Caribbean Heritage Month.
As someone who was born and raised in Puerto Rico, I was thrilled to find out about Caribbean Heritage Month. Though we moved away when I was 7, I will always treasure my Puerto Rican heritage, as well as my father’s Dominican cultural traditions. The food, the music, the island itself - it’s something I continue to grow up with till this day. What I found strange, though, was the lack of awareness that the month itself had. I had no idea it existed; my friends had no idea, and users online had no idea. Keeping that in mind, I thought I could share some important facts and history behind Caribbean Heritage Month.
Caribbean's have contributed to the growth of the United States since the early 1900’s, when they were able to migrate easily from their home country. Since the U.S. had direct control over these islands, immigration for work and housing was not a problem. These workers usually left due to recruitment and employment by U.S. companies, but some were fleeing the economic and political instability they were in. These migrants worked in all kinds of work, such as craftsmanship, poetry, medicine, inventing, and other individuals that added greatly to different professional spheres in the nation.
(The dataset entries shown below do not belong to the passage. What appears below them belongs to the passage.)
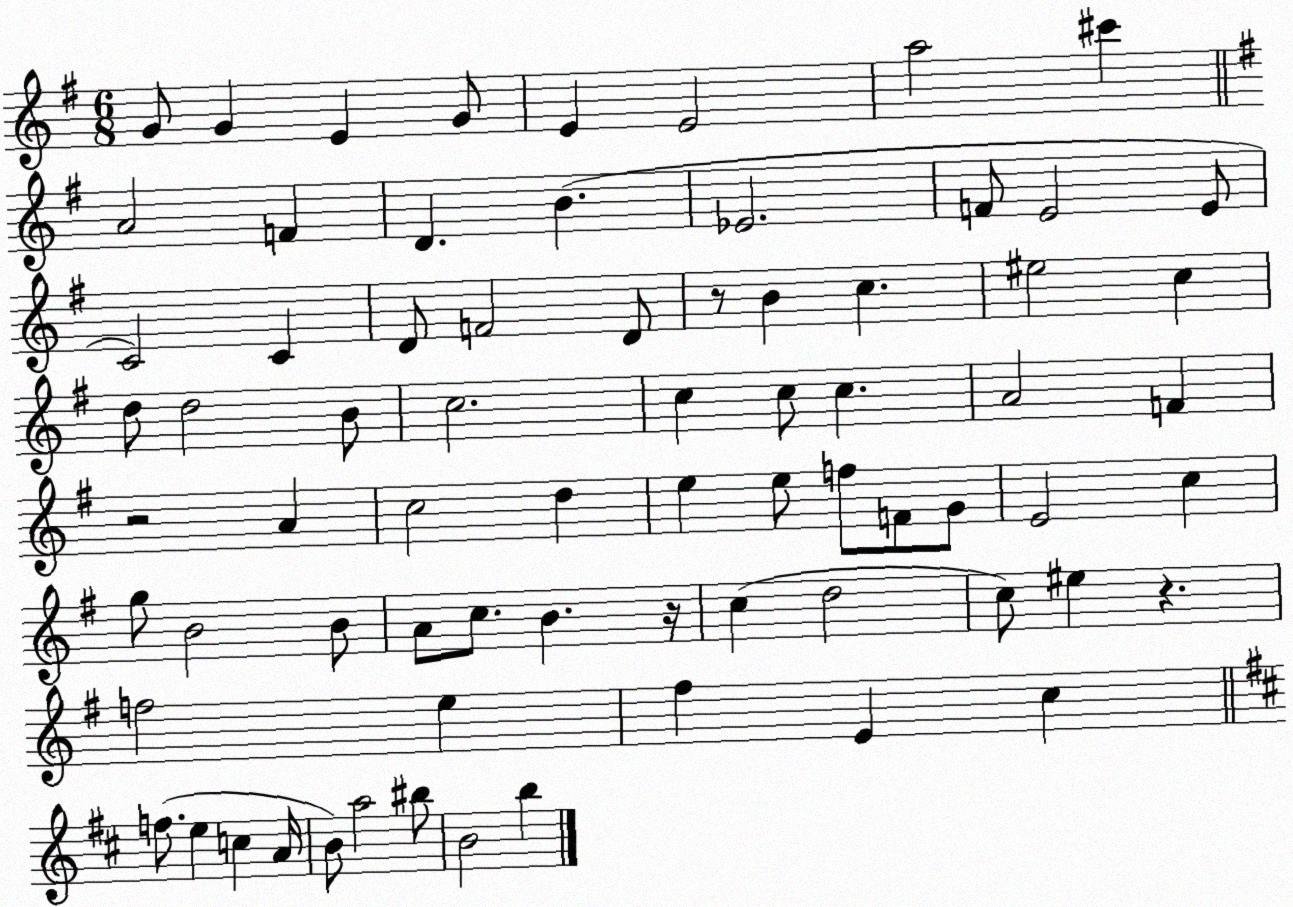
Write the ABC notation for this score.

X:1
T:Untitled
M:6/8
L:1/4
K:G
G/2 G E G/2 E E2 a2 ^c' A2 F D B _E2 F/2 E2 E/2 C2 C D/2 F2 D/2 z/2 B c ^e2 c d/2 d2 B/2 c2 c c/2 c A2 F z2 A c2 d e e/2 f/2 F/2 G/2 E2 c g/2 B2 B/2 A/2 c/2 B z/4 c d2 c/2 ^e z f2 e ^f E c f/2 e c A/4 B/2 a2 ^b/2 B2 b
National Caribbean American Month was formed to honor these talented individuals and the positive relations the country has built with the Caribbean.
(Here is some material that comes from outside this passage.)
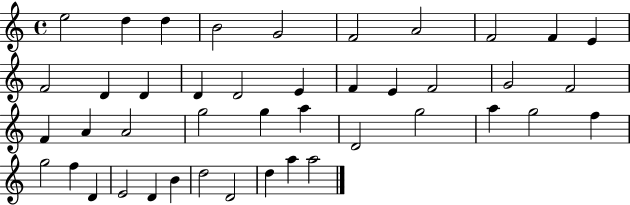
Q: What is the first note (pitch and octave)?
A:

As time passed, more and more Caribbean's were able to make their mark on society and international culture. Some of these include Celia Cruz — known for creating astounding salsa music, the famous baseball player Robert Clemente, and several other individuals who managed to leave a mark on U.S. history. The month was founded by Dr. Claire Nelson was celebrated across the nation for the first time by the Institute of Caribbean Studies in 2000. Its purpose was simple - to recognize the Caribbean success and growth. However, the move to officially declare June as National Caribbean American Month started in 2004 when a legislative bill was passed by Congresswoman Barbara Lee. The resolution was made official in 2006 when President George W. Bush signed the proclamation, naming June as National Caribbean American Month. Every year, June is celebrated as the official Caribbean Heritage Month.
I am proud to see my Puerto Rican culture and traditions be honored, but there are many countries included into this month as well. These countries include: Antigua and Barbuda, Bahamas, Barbados, Cuba, Dominica, Dominican Republic, Grenada, Haiti, Saint Kitts and Nevis, Jamaica, Saint Lucia, Saint Vincent and the Grenadines, and Trinidad and Tobago. It is important to be inclusive of people from these places and take into notice their traditions - just because we might not think a person is labeled as “Caribbean” it is unacceptable to invalidate their heritage.
The whole point of this month is to recognize the hard work and dedication Caribbean's have as a culture, as well as their delicious cuisine, traditional music, and important heritage. Here are 4 things you can do to celebrate this recognition month!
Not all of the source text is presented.